I have the below dataframe and I need to subtract and find the delta between next quater and current quater plus next to next quater and current quater.
Input data:
Number Name Year Quater value
1 an 2018 1 2.5
2 bn 2018 1 1.5
1 an 2018 2 3.5
2 bn 2018 2 4.5
1 an 2018 3 4.5
1 an 2018 4 2.5
2 bn 2018 4 1.5
1 an 2019 1 5.5
2 bn 2019 1 1.5
Output: d_1
is the difference between next quater and current quater for same number and name, whereas d_2
is the diff between next to next quater and current quater for same number and name.
Number Name Year Quater value d_1 d_2
1 an 2018 1 2.5 1 2
2 bn 2018 1 1.5 3
1 an 2018 2 3.5 1 -1
2 bn 2018 2 4.5 -3
1 an 2018 3 4.5 -2 1
1 an 2018 4 2.5 3
2 bn 2018 4 1.5 0
1 an 2019 1 5.5
2 bn 2019 1 1.5
First, make sure the data is correctly sorted:
df = df.sort_values(by=['Year', 'Quater'])
Then use groupby
and diff
to calculate the differences between rows:
df['d_1'] = df.groupby(['Number', 'Name'])['value'].diff(periods=-1) * -1
df['d_2'] = df.groupby(['Number', 'Name'])['value'].diff(periods=-2) * -1
df = df.fillna(0.0)
Result:
Number Name Year Quater value d_1 d_2
1 an 2018 1 2.5 1.0 2.0
2 bn 2018 1 1.5 3.0 -0.0
1 an 2018 2 3.5 1.0 -1.0
2 bn 2018 2 4.5 -3.0 -3.0
1 an 2018 3 4.5 -2.0 1.0
1 an 2018 4 2.5 3.0 0.0
2 bn 2018 4 1.5 -0.0 0.0
1 an 2019 1 5.5 0.0 0.0
2 bn 2019 1 1.5 0.0 0.0
Edit:
If missing values should be considered as well, the best way is to resample
the dataframe first to add any missing rows.
First, add a new column date
and resample the dataframe:
df['date'] = pd.to_datetime(df['Year'].astype(str) + 'Q' + df['Quater'].astype(str))

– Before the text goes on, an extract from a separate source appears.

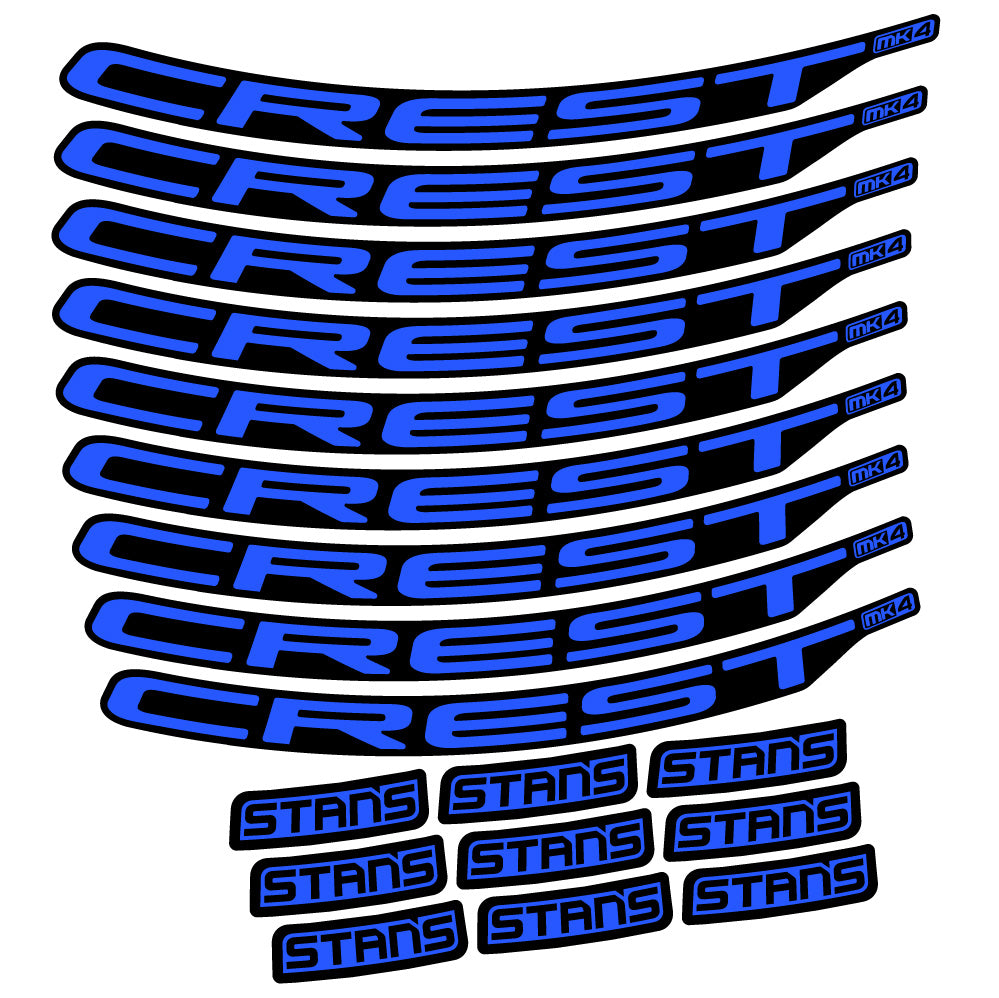 Aufkleber Stans Crest MK4 Ver.2, MTB-Rad 29, Fahrradaufkleber Vinyl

df = df.set_index('date').groupby(['Number', 'Name']).resample('Q').first().drop(['Name', 'Number'], axis=1).reset_index()
Now we have:
Number Name date Year Quater value
1 an 2018-03-31 2018 1.0 2.5
1 an 2018-06-30 2018 2.0 3.5
1 an 2018-09-30 2018 3.0 4.5
1 an 2018-12-31 2018 4.0 2.5
1 an 2019-03-31 2019 1.0 5.5
2 bn 2018-03-31 2018 1.0 1.5
2 bn 2018-06-30 2018 2.0 4.5
2 bn 2018-09-30 NaN NaN NaN
2 bn 2018-12-31 2018 4.0 1.5
2 bn 2019-03-31 2019 1.0 1.5
Now apply the same groupby
and diff
as above as well as dropping extra rows, the date
column and sort the result:
df['d_1'] = df.groupby(['Number', 'Name'])['value'].diff(periods=-1) * -1
df['d_2'] = df.groupby(['Number', 'Name'])['value'].diff(periods=-2) * -1
df.dropna(subset=['Year']).fillna(0.0).sort_values(by=['Year', 'Quater']).drop('date', axis=1)
The fillna
can be skipped if you prefer to keep the NaNs.